The only good thing you can say about the Bush administration’s immigration policy is that it may not be as big a failure as its Iraq policy.

Congress' failure to pass bipartisan, comprehensive immigration reform is the result of Republican infighting. Republicans control the White House, the Senate and the House. They have fallen down on the job of securing our borders, enforcing existing immigration laws and implementing the 9/11 Commission recommendations.

Congress' first responsibility is to keep the American people safe. Yet it has been nearly five years since the Sept. 11, 2001, terrorist attacks, and our nation's borders are not secure. Seven times over the last four and a half years, House Democrats offered legislation to increase federal funding for border security. Seven times, our legislation fell on party-line votes. If our proposals had passed, we could have 6,600 more Border Patrol agents, 14,000 more detention beds, and 2,700 more immigration agents.

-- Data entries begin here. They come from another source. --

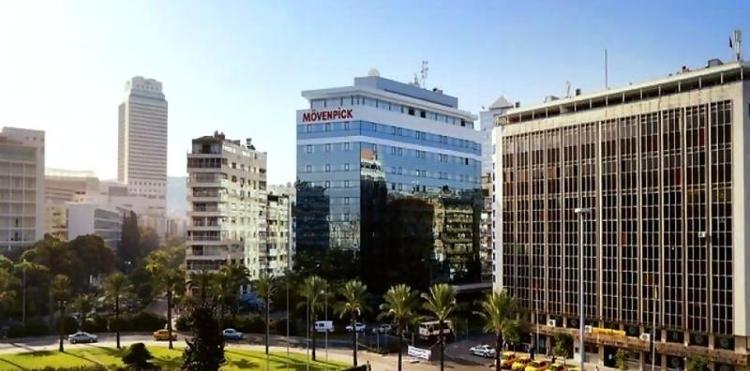 Mövenpick İzmir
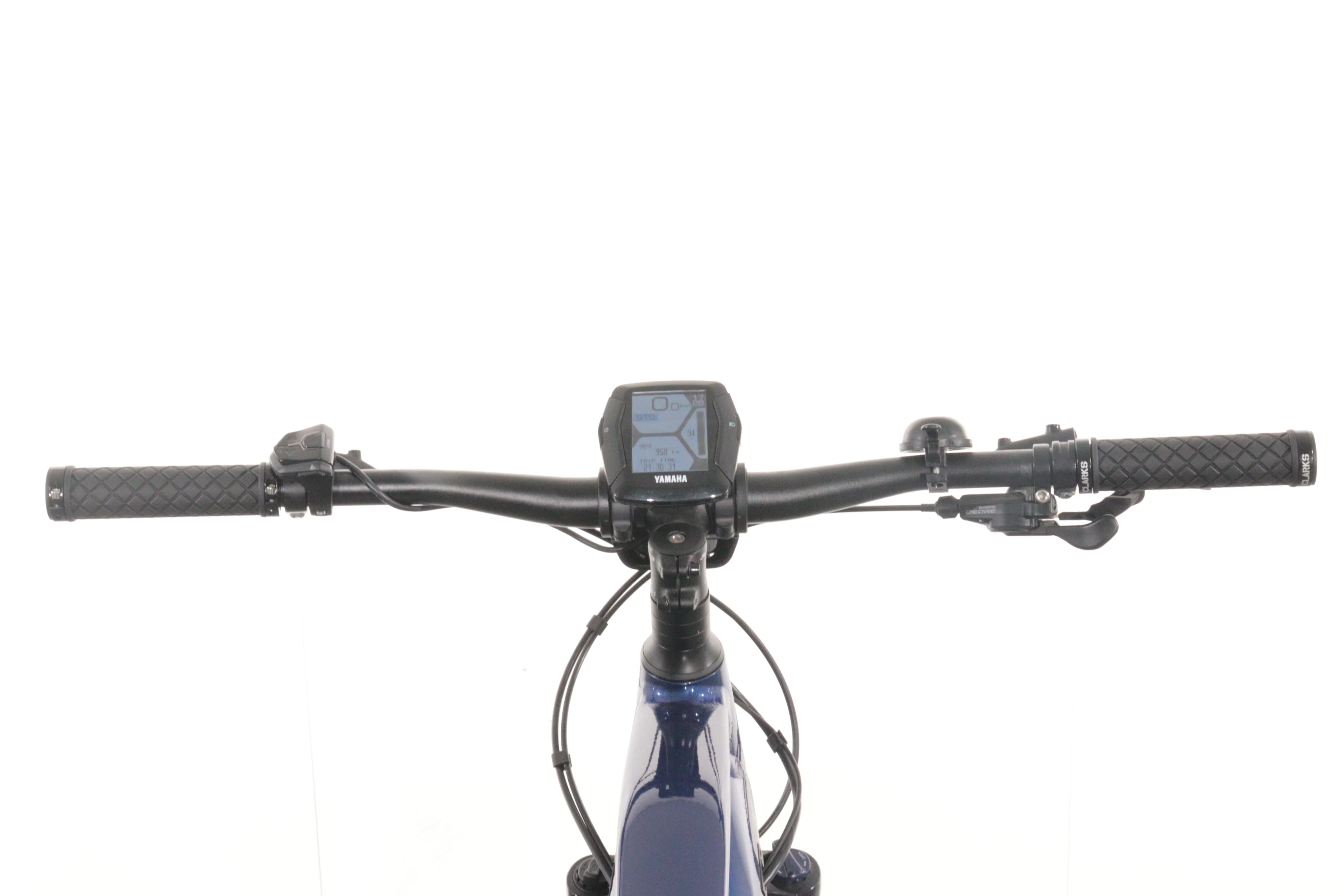 Haibike TREKKING 7 - Image 7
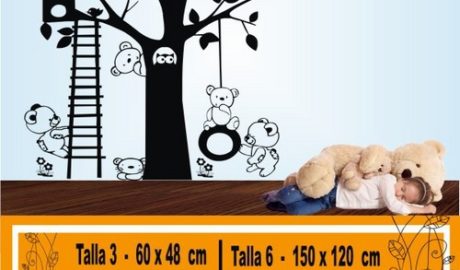 bébés ours 1128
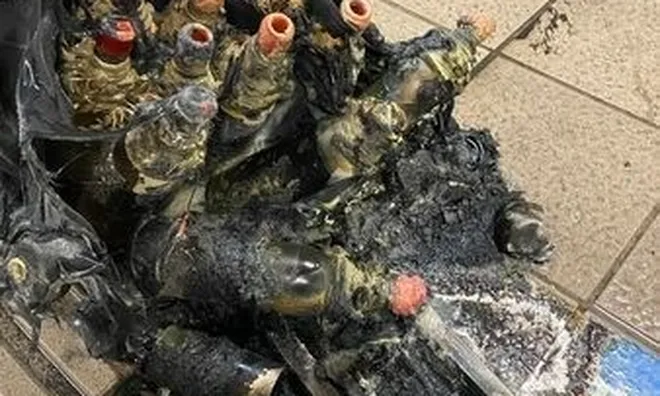 Vụ tấn công rúng động Đài Loan (Trung Quốc): Cảnh sát hé lộ kế hoạch phóng hỏa kinh hoàng của nghi phạm, tất cả đã có trong kịch bản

Instead, Republicans have addressed the problem with Band-Aid solutions, and those aren't working. There were reports last week that the Bush administration cannot muster even half of the National Guard troops scheduled for deployment along our border by the end of the month.

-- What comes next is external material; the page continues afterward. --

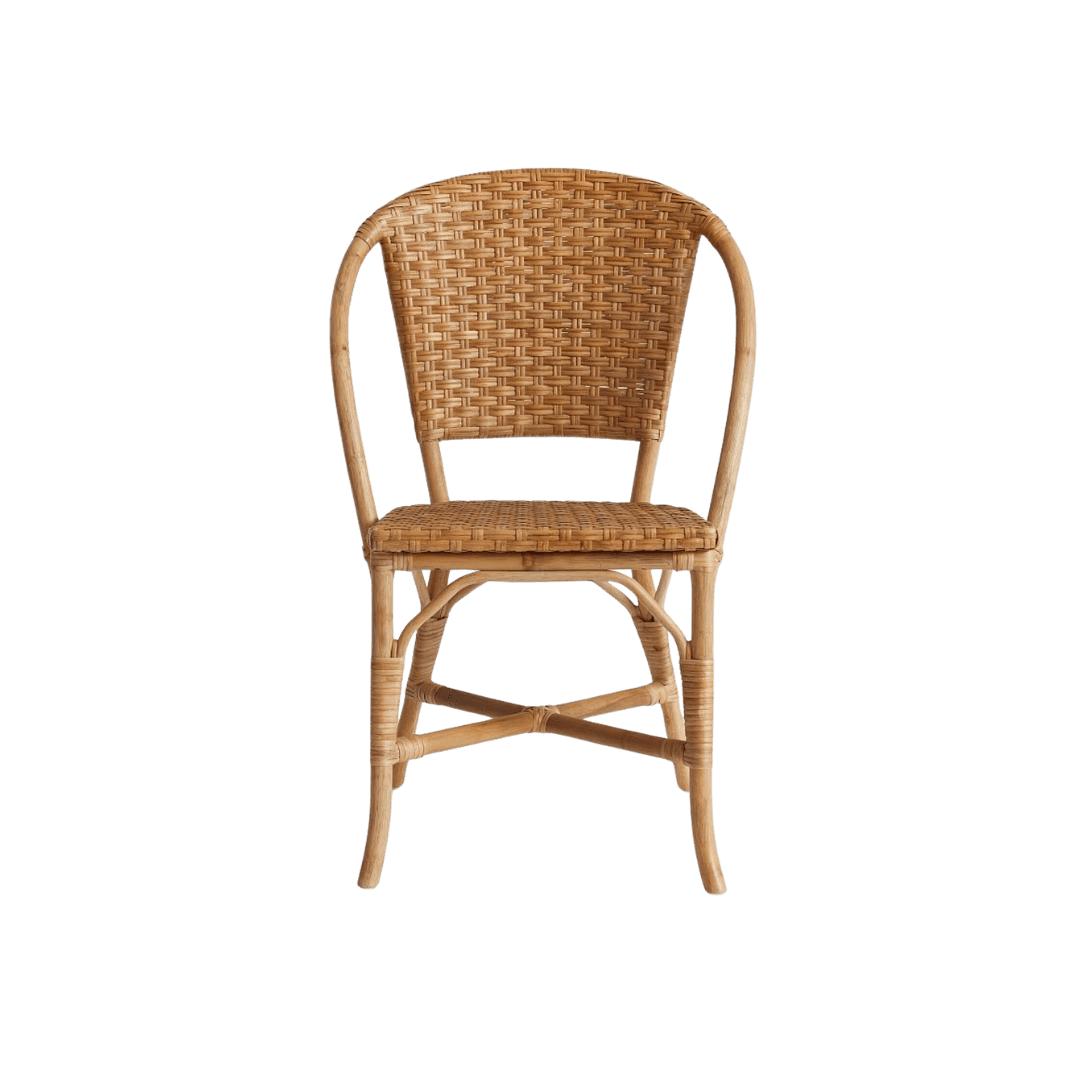 Woven Dining Chair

While President Bush has failed to invest his political capital in passing bipartisan, comprehensive immigration reform, his administration has all but abandoned workplace enforcement. In 1999, the year before Bush took office, there were 417 fines levied against companies in violation of the law. In 2004, that number was three. Republicans have done nothing to decrease illegal border crossings by preventing employers from hiring those here illegally, nor have they acted to allow us to import labor legally.

Under President Clinton, we did not do enough, but we at least added Border Patrol agents, held companies responsible for their workplace violations, and prosecuted immigration fraud at a greater rate. And Clinton took those actions before Sept. 11.

The bottom line is that we simply cannot get a handle on border security until we figure out our broader immigration policy. We have two signs up on our border – Help Wanted and Keep Out. As long as we have a need for some foreign labor, and lack a policy to address that need, we will have chaos at the border, illegal immigration, and human smuggling.

The first step is to agree what level of foreign labor we will bring into our country, under what conditions – and regularize the border crossing process.

In the meantime, will terrorists blend in with those entering our country illegally? Will they use the same smuggling networks to gain entry? It is certainly possible.

We have intelligence reports that al-Qaeda wants to use our southern border and existing smuggling networks to enter the United States. I want to know how it intends to get to our homeland to attack us. I want to know what we are doing diplomatically to urge other countries to improve their own immigration controls, so that Mexico, South and Central America are not gateways for terrorists. I want to know what we are doing diplomatically to prevent incursions from Mexican military and law enforcement.

But we are not in Washington hearing from the State Department and foreign policy experts, as is the purpose of our committee. We are in San Diego and Laredo this week to hear from the Border Patrol, from county sheriffs, from border security and immigration experts, and a citizen activist, focusing on matters within the jurisdiction of the Homeland Security, Judiciary and Intelligence committees.

Our colleagues look to our committee to oversee our State Department and foreign policy. What we are giving them is the first in a series of traveling political shows designed to inflame partisanship. The only upside is that these hearings will illuminate that the party that controls Washington, D.C., has failed to control our border – or to adopt a regular legal system for America to get the number of workers it needs legally.

Congressman Sherman, of Sherman Oaks, is a senior Democrat on the House International Relations Committee and the ranking Democrat on its Terrorism and Nonproliferation Subcommittee. The subcommittee held a hearing yesterday at the Imperial Beach Border Patrol Station.